Foto: Wiener Staatsoper / Pöhn
WIEN / Staatsoper:
ANDREA CHÉNIER von Umberto Giordano
116. Aufführung in dieser Inszenierung
20. Mai 2019
Als österreichische Staatsbürgerin mit Wohnung in Wien macht sich Anna Netrebko in ihrer „Heimatstadt“ rar. In der nächsten Saison gar keinen Opernauftritt mit Ausnahme eines Liederabends, heuer gerade einmal vier Vorstellungen von „Andrea Chenier“. An der Seite ihres Gatten wiederholte sie, was sie im Dezember 2017 schon an der Scala geboten hatte. Eine Rolle, die, wie sie damals sagte, eine der kleinsten war, die sie je gesungen hat… Stimmt auch, wenn man es vergleicht: Der Titelheld hat vier berühmte Arien, die Maddalena di Coigny gerade einmal eine. Und wenn man es genau nimmt, außer dem prachtvollen Schlußduett sozusagen nur Kleinteiliges zu singen. Eine Tosca ist das nicht. Gab es deshalb für den sonst ausverkauften Abend kurz vor Beginn noch ein paar Balkon-Stehplätze?
Aber Netrebko ist Netrebko, vor allem, wenn sie loslegen kann. Ihre Höhe ist einfach berauschend – ob sie schwebende Piani produziert, ob sie mit leuchtendem Fortissimo immer nur wundersame Wonnen und nie Qualen erzielt (was bei Kolleginnen vorkommen mag): Diese Leidenschaftlichkeit geht unter die Haut. Dass zwischendurch – selten, aber doch – diese dunkel-gutturalen Töne durchkommen, die zu einer anderen Stimme zu gehören scheinen, verwundert stets von neuem, aber solange sie die Höhenregister mit solcher Qualität produziert, ist es noch kein Problem. Im übrigen versucht sie (versucht – geborene Schauspielerin ist sie nicht) vom jungen Mädchen des 1. Akts an (der Lächerlichkeit läuft sie nicht in die Arme) die tragische Entwicklung dieses Schicksals nachzuzeichnen, die Opferbereitschaft, den Liebestod. Das muss man glauben, und man tut es. Auch wenn es Rollen gibt, die ihr besser liegen, war es gut, sie auch als Maddalena di Coigny live zu erleben.

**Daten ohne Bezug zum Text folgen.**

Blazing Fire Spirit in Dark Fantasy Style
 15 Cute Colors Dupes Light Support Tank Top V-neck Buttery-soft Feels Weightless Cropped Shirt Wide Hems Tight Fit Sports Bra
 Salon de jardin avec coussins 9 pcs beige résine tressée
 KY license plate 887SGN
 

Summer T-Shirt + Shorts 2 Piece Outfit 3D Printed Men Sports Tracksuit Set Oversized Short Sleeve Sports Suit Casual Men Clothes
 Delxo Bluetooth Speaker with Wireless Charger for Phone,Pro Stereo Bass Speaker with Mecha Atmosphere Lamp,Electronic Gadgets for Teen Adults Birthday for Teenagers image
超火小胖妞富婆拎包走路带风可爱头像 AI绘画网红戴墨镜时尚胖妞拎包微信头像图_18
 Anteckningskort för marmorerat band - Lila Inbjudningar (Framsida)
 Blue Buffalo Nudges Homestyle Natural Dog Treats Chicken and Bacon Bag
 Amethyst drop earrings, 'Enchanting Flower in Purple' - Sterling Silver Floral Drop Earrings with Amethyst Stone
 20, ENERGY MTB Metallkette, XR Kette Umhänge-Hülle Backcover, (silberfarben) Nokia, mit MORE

Wenn man einen Tenor braucht, der alle Töne, auch die höchsten singt, dann ist Yusif Eyvazov sicher eine gute Wahl. Bloß – es klingt nicht eine Sekunde schön. Was er technisch kann, wird von seinem Blechtimbre ausgehebelt, das ihn nie in höhere Stufen des Tenorissimo-Daseins führen wird. Solide, verlässlich (schließlich ist mit der Netrebko um die Wette zu singen), ist er als Figur allerdings ziemlich langweilig. Da kann er mit rabenschwarzem Haar und ebensolchem Bart wie ein Räuberhauptmann aussehen, es wird nicht einmal ein harmloser Poet daraus, geschweige denn ein Revolutionär. Ein im Hintergrund verbleibender Partner für eine berühmte Sängerin.
Letzteres ist auch Luca Salsi als Carlo Gérard, der sich offenbar auf die mit einiger Raffinesse und schönem Legato gesungene Arie konzentrierte – der Rest klang eher unkultiviert und oft forciert. Ob beide Männer absichtlich in den Schatten getreten sind oder ob auch andere von der Netrebko überstrahlt worden wären…? Vielleicht erlebt man sie in dieser Rolle einmal mit anderen Partnern.
Von den ganzen Comprimarii des Abends, von denen man die meisten Rollen schon besser bis viel besser gehört und gesehen hat, sei der eine erwähnt, der wirklich beeindruckte: Wolfgang Bankl ist (und das ist positiv gemeint!) ein schauerlicher Verwalter des Todes in diesem brutalen Revolutionsstück.
Und Marco Armiliato ist wieder einmal der Herr der Heerscharen am Pult, nur dann exzessiv fortissimo, wenn er keine Sänger überdeckt, sonst wunderbar differenziert in den vielen musikalischen Schichten des Werks, vom Rokoko-Getändel bis zur ergreifenden Arie der Großmutter, die ihren Enkel der Revolution gibt, was er mit berührenden Tönen geradezu umhüllte. Alles, was Verismo zu bieten hat. Mitsamt dem begeisterten Aufschrei das Publikums, das endlich wieder einmal die Primadonna assoluta unserer Tage erlebt hat.